Why are new things hard?

I asked my class of Consumer Behavior students at Sierra Nevada College to use a new tool as part of one of their presentations. A few had used Prezi before, most hadn't. Some kids panicked. All objected.

None of that was required.

As someone who has done a lot of silly things for clients and bosses over the years, I considered this to be both a lesson in presenting, as well as a free *BONUS* lesson in sucking it up. My gift to their future selves!

These are good kids who were bright and lively, engaged in school and their chosen topic. They were clearly well-loved before they got to me and had good prospects afterward. But they were remarkably whiny about this assignment. When I framed it as "you will frequently be called upon to learn to use a new tool quickly, or be flexible in a new situation" I narrowly avoided a revolution.

This prompted the question about why are new things hard? Why do we resist new ideas? We would welcome a change of fortunes if we won the lottery, right? Change sounds like a good thing.

I think it is because of
the unknown. They all knew how to use Powerpoint and not how to use this, they want to look good and save time, stick with what you know. That seems logical.
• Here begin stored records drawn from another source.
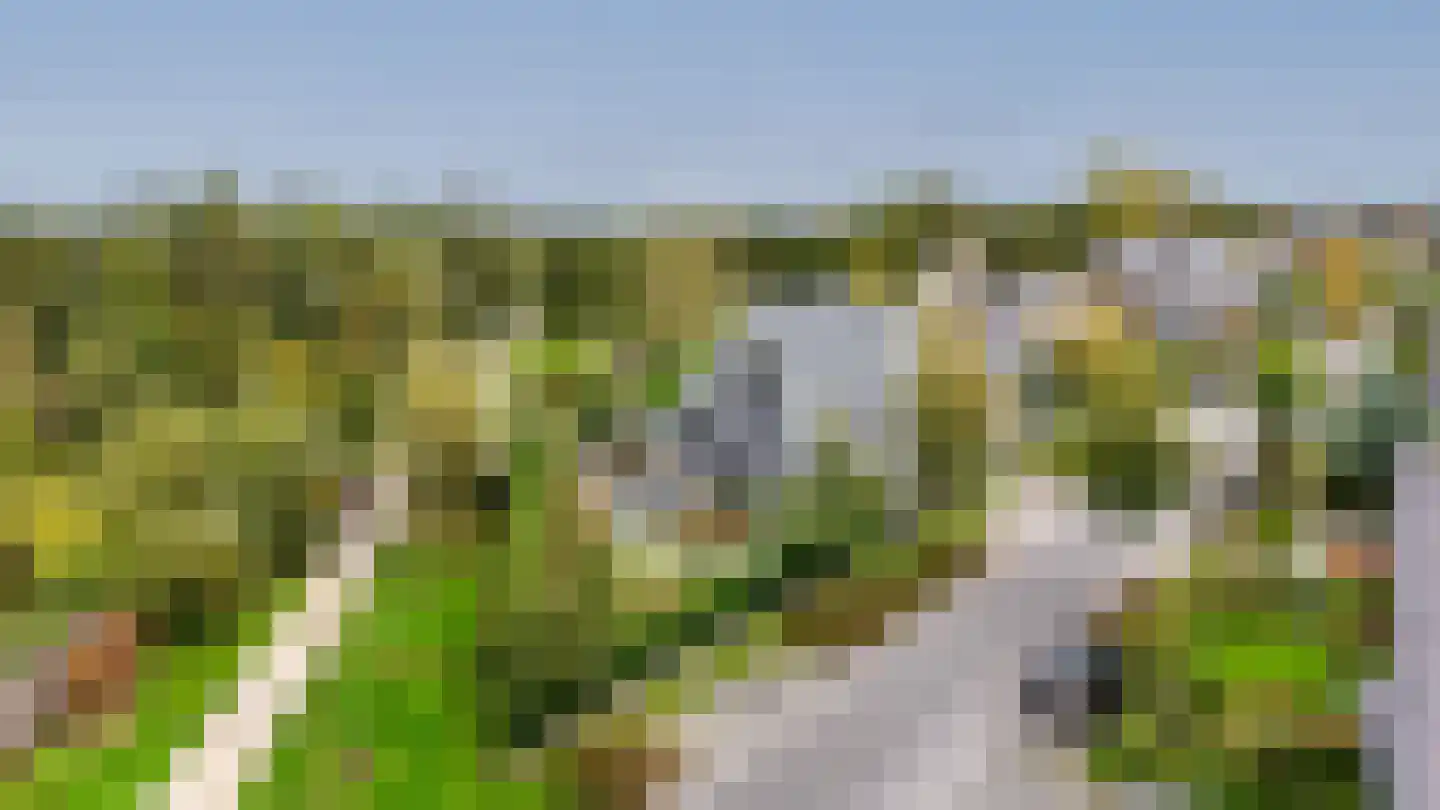 De Regenboog 3 Nieuwkoop thumbnail 7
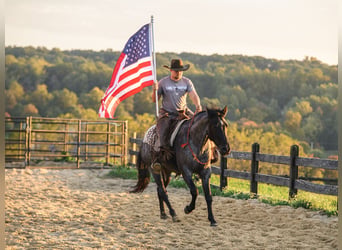 American Quarter Horse, Wallach, 4 Jahre, Roan-Blue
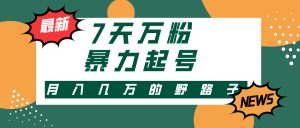 (13047期)3-7天万粉,快手暴力起号,多种变现方式,新手小白秒上手,单月变现几...-湘创网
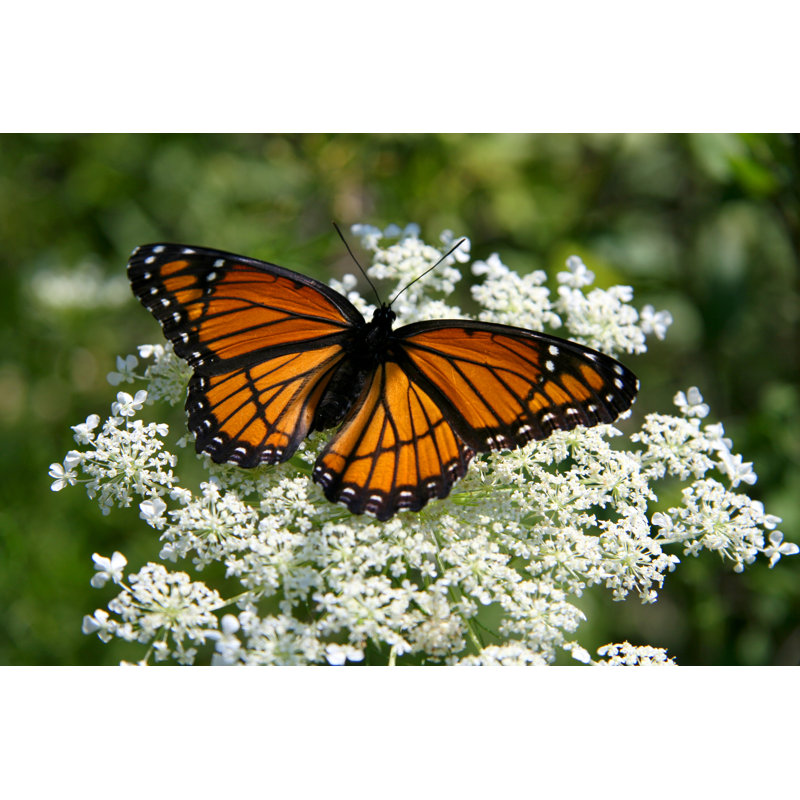 Oktaha Butterfly par Sherrij18, H 12 po x l 18 po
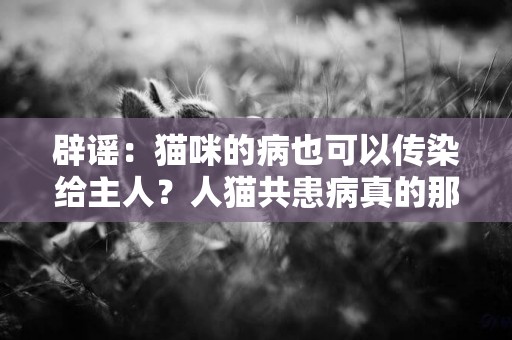 辟謠：貓咪的病也可以傳染給主人？人貓共患病真的那么可怕嗎？ 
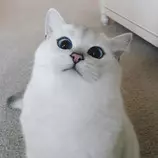 NEW/ima/gato.jpg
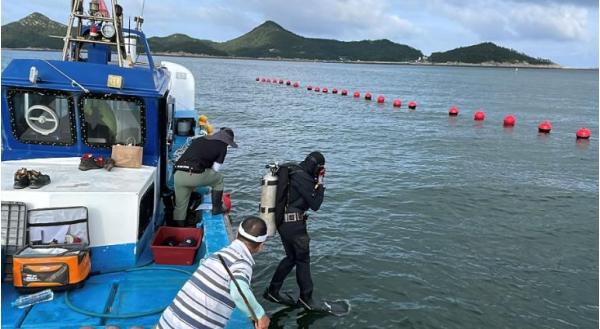 군산시 3배체 굴 시범양식 순항…첫 현장 모니터링서 안정적 생육 확인 기사 이미지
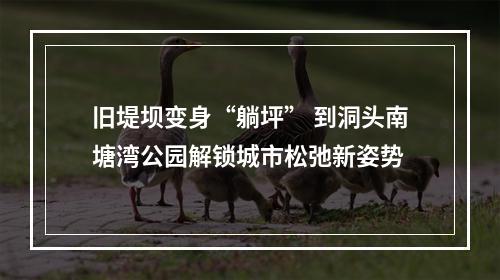 旧堤坝变身“躺坪” 到洞头南塘湾公园解锁城市松弛新姿势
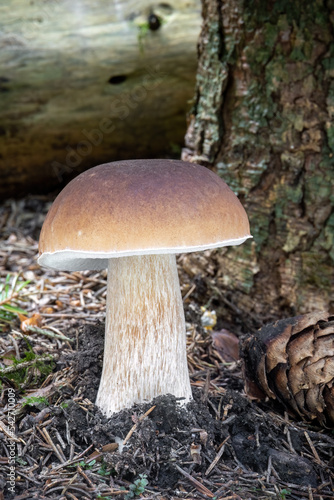 Detail shot of amazing edible cep mushroom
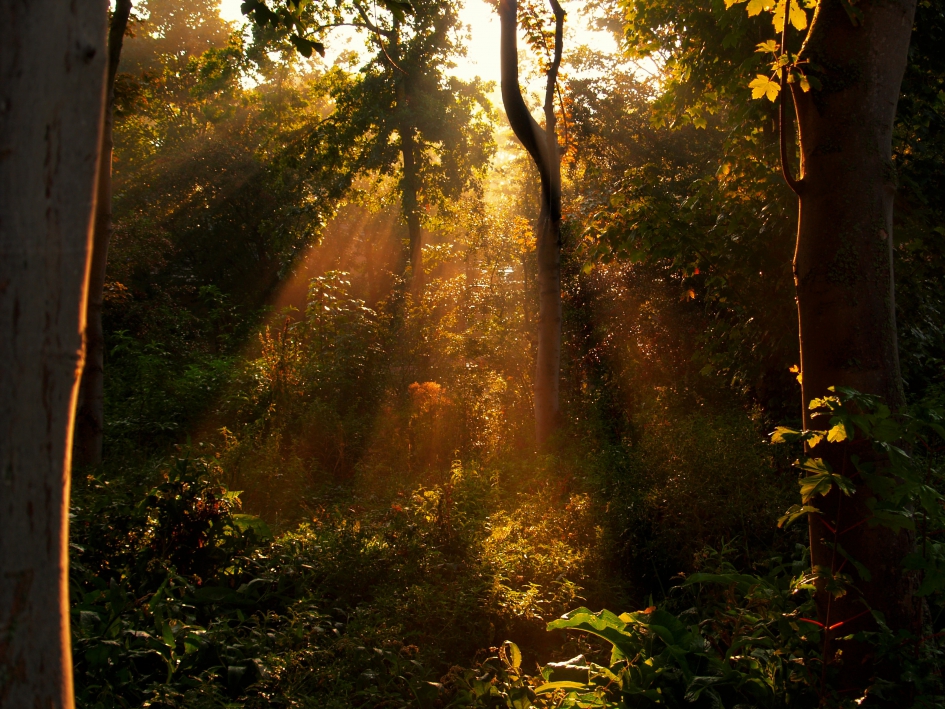 Golden hour... - Weer en landschap - 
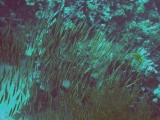 img0020.jpg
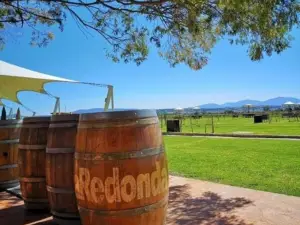 Vinedos La Redonda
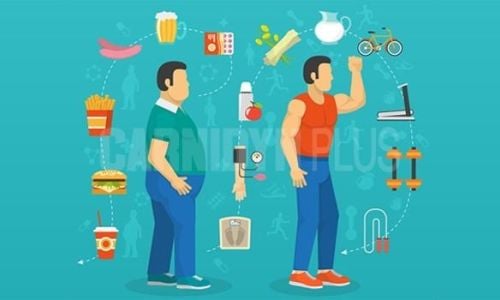 metabolismo-nutrizione metabolismo-nutrizione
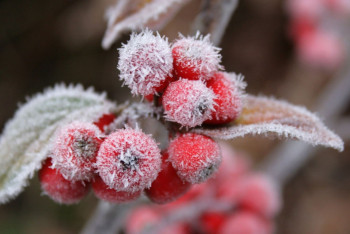 Фотография к новости: Заморозки прогнозируют синоптики в ряде областей Казахстана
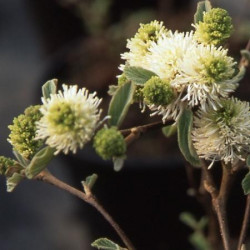 Fothergilla major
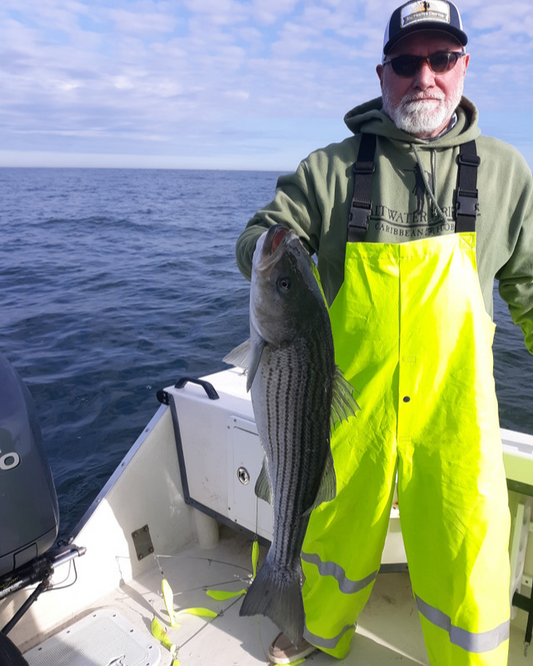 Striped Bass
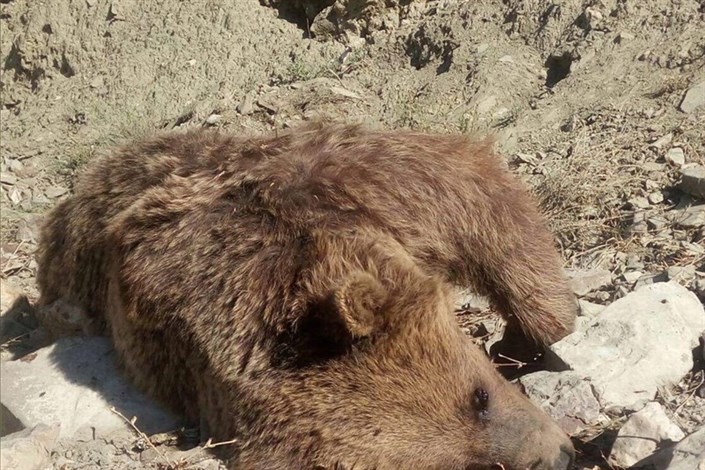گرفتار شدن یک توله خرس قهوه‌ای در تله سیمی/ مرگ یک خرس بالغ در مازندران /خرس‌ها را نکشید!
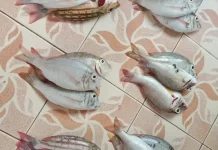 Kandungan Gizi dalam Ikan Karang dan Manfaatnya bagi Kesehatan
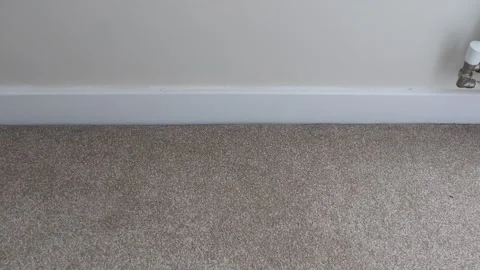 Dyson  hoover Video stock 134163709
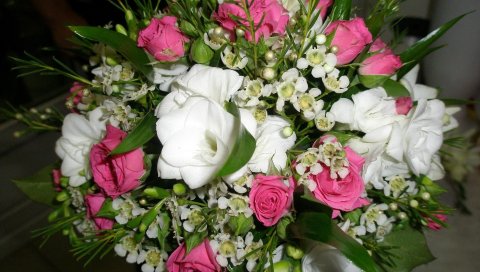 Роза, чайное дерево, цветы, букеты, зелень, композиция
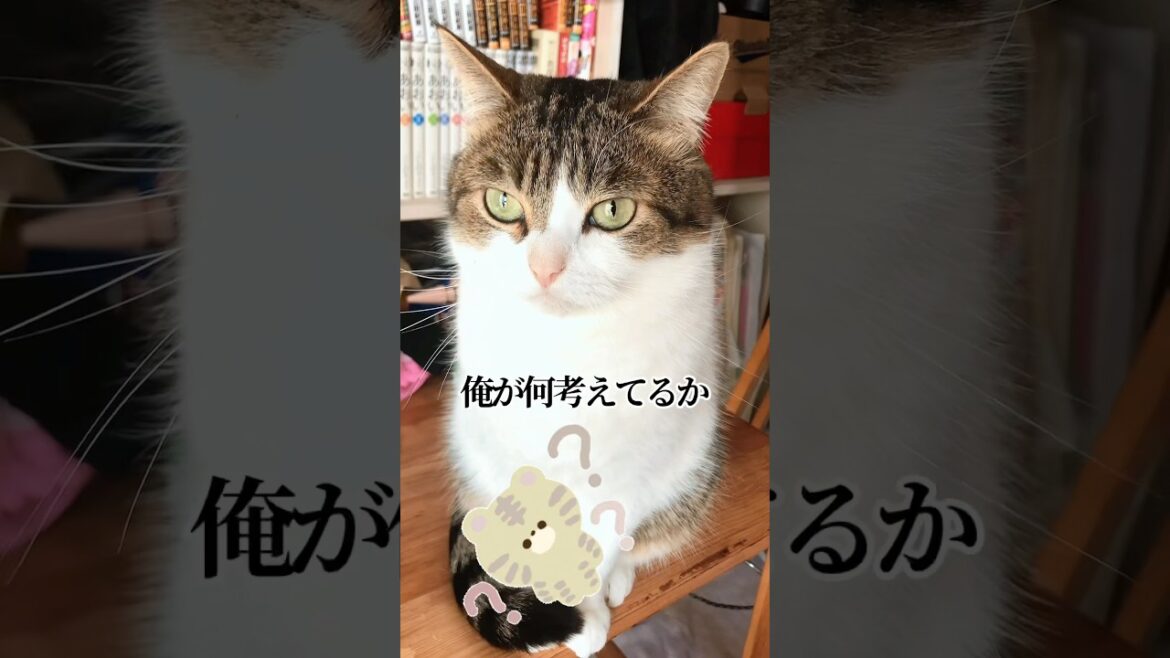 自民党の総裁選が気になる猫😹😂🗳️ #ねこ動画 #猫のいる暮らし #ねこ部 #猫好きさんと繋がりたい #総裁選 #ねこ #shorts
But there is an insidiousness to sticking with what you know. The list is endless from the road you drive on daily being closed and you are surprised to have to spend time finding an alternate route. Or staying in a marriage that lost it's zing and years and love are wasted.

David and I would go to the same restaurant at about the same time after work every Friday for probably 2 years. We joked how we liked our "rut". We'd order the same food and catch up with our long-term waiter. We stayed in our rut because it was pleasurable.

But it was also protecting us from risk. There were other places to go but we only had that one special Friday evening release from work. If we tried new places, they might not be as good. We would have *WASTED* an opportunity to have our special chimachangas. This was unthinkable.

I would have had to come up with assurances that a new place would be better, and it would have to be A LOT better to justify that risk. The perceived cost is so much more higher than the actual cost of a wasted dinner, but we're not reasonable. We became not just loyalists, or product evangelists, but no-change-niks.

Our customers walk around all day long with lists of things they like, habits they have, risks they're not willing to take. We need to acknowledge not just the specific, concrete reasons for resistance like "it will cost me money to change banks" or "I already have a houseful of mini-USB chargers, I'm not switching to an Apple phone."

We as marketers and copywriters and product developers have to consider the emotional toll taking that risk to try our product will have on our poor, sweet customer. "What if buying your thing is worse than the old thing I used?' "What if it burns down my house?" "What if my wife leaves me because I switched phone companies??" They're not reasonable but they are real.

I am a big fan of demonstrations and getting your product in the hands and mouths of your future loyalists. Costco is brilliant here. Test drives. No obligation trials. Free quotes.

Look at your product for ways to help your consumer overcome their sense of risk and just try it. It will be a good skill for them to learn.